4. Behavioral and ecological data on tarsiers in the wild is rather difficult to obtain due to their nocturnal activity, small size, lack of tapetum lucidum, fast locomotion, and social organization (Gursky and Nekaris 2003). The increasing use of radio telemetry has facilitated the collection of data on these nocturnal and “cryptic” prosimians (Gursky 1998a). According to Gursky and Nekaris (2003), there is a new group of scientists who think it is important to document species-level differences among nocturnal prosimians so that broader correlations concerning ecology and behavior can be discerned.
5. Although there is a debate concerning the number of tarsier species, most researchers agree that tarsiers are represented and formally recognized by five species: Tarsius bancanus, the Bornean tarsier; T. dianae, Dian’s tarsier; T. pumilus, the pygmy tarsier; T. spectrum, the spectral tarsier; and T. syrichta, the Philippine tarsier (Dagosto et al. 2003; Gursky 2002; Neri-Arboleda et al. 2002; Dixson 1998).
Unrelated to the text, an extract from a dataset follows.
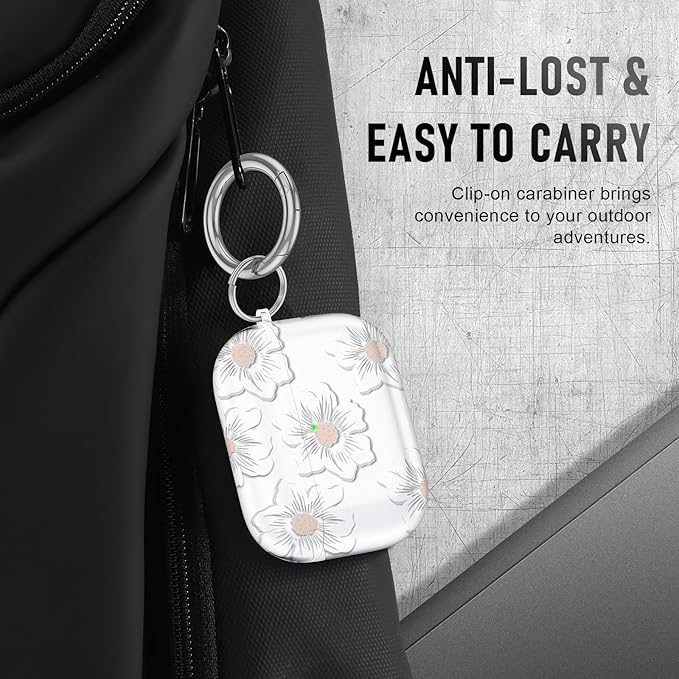 for AirPods Pro 3 Case (2025) with Cleaner Kit, Cute Soft Silicone Cover Compatible AirPods Pro 3rd Genera case with Keychain for Women Men with Keychain for Airpod Pro case(2025)White Trumpet Flower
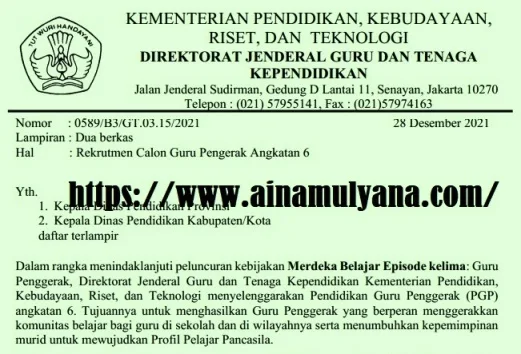 Jadwal Pendaftaran Rekrutmen Calon Guru Penggerak Angkatan 6 Mulai 10 Januari – 18 Februari 2022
These species are grouped into two distinct phenotypic groups: the Philippine-Western group, from the Philippines and Borneo; and the Eastern group, from Sulawesi (Brandon-Jones et al. 2004). Tarsiers have a limited geographical distribution in a few Southeast Asian islands (Neri-Arboleda et al. 2002). Tarsius bancanus is found in Borneo and some parts of Sumatra. T. dianae, T. pumilis, and T. spectrum are found in Sulawesi. Dian’s tarsier is restricted to Sulawesi’s central lowlands, the pygmy tarsier to the central part of the island, and the spectral tarsier to the northeastern part of the island (Neri-Arboleda et al. 2002). The Philippine tarsier is restricted to the Philippine islands of Bohol, Leyte, Samar, Maripipi, Biliran, Dinagat, Siargao, and Mindanao (Neri-Arboleda et al. 2002).
6. According to Neri-Arboleda et al. (2002), there are several field studies of T. bancanus, T. spectrum, and T. dianae, but very few of the behavior and ecology of T. pumilus and T. syrichta(see also Dagosto 1998; Dagosto et al. 2003; and Wright 2003b). There is not sufficient data to precisely determine the social organization of the Philippine tarsiers (Dagosto et al. 2001). Because they have not been well studied in the wild and there are limited published observations regarding their ecology and behavior, T. syrichta is currently classified as “data deficient” by the IUCN-Red List of Threatened Species (IUCN website 2004). Neri-Arboleda et al (2002) suggest that because of this lack of information on the Philippine tarsier, its status as “data deficient” should be maintained until further studies are done.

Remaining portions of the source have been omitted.